> THE TASK: The entries are to be output once more, word for word.

> DATA FOR THE TASK:

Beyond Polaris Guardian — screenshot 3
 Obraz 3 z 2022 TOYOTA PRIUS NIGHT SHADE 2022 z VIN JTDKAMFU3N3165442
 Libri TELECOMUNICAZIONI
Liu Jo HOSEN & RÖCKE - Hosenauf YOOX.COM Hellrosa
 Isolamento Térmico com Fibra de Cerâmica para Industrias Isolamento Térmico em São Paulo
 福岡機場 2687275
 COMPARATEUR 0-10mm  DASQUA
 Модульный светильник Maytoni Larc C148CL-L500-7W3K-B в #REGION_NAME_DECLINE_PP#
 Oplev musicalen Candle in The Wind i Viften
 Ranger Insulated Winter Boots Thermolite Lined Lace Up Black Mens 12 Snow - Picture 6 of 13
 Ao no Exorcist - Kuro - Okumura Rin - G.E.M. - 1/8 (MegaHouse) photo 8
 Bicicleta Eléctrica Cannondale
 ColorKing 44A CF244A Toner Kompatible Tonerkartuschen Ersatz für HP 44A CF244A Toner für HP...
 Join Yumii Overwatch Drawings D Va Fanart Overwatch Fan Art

> EXERCISE RESPONSE:
Beyond Polaris Guardian — screenshot 3
 Obraz 3 z 2022 TOYOTA PRIUS NIGHT SHADE 2022 z VIN JTDKAMFU3N3165442
 Libri TELECOMUNICAZIONI
Liu Jo HOSEN & RÖCKE - Hosenauf YOOX.COM Hellrosa
 Isolamento Térmico com Fibra de Cerâmica para Industrias Isolamento Térmico em São Paulo
 福岡機場 2687275
 COMPARATEUR 0-10mm  DASQUA
 Модульный светильник Maytoni Larc C148CL-L500-7W3K-B в #REGION_NAME_DECLINE_PP#
 Oplev musicalen Candle in The Wind i Viften
 Ranger Insulated Winter Boots Thermolite Lined Lace Up Black Mens 12 Snow - Picture 6 of 13
 Ao no Exorcist - Kuro - Okumura Rin - G.E.M. - 1/8 (MegaHouse) photo 8
 Bicicleta Eléctrica Cannondale
 ColorKing 44A CF244A Toner Kompatible Tonerkartuschen Ersatz für HP 44A CF244A Toner für HP...
 Join Yumii Overwatch Drawings D Va Fanart Overwatch Fan Art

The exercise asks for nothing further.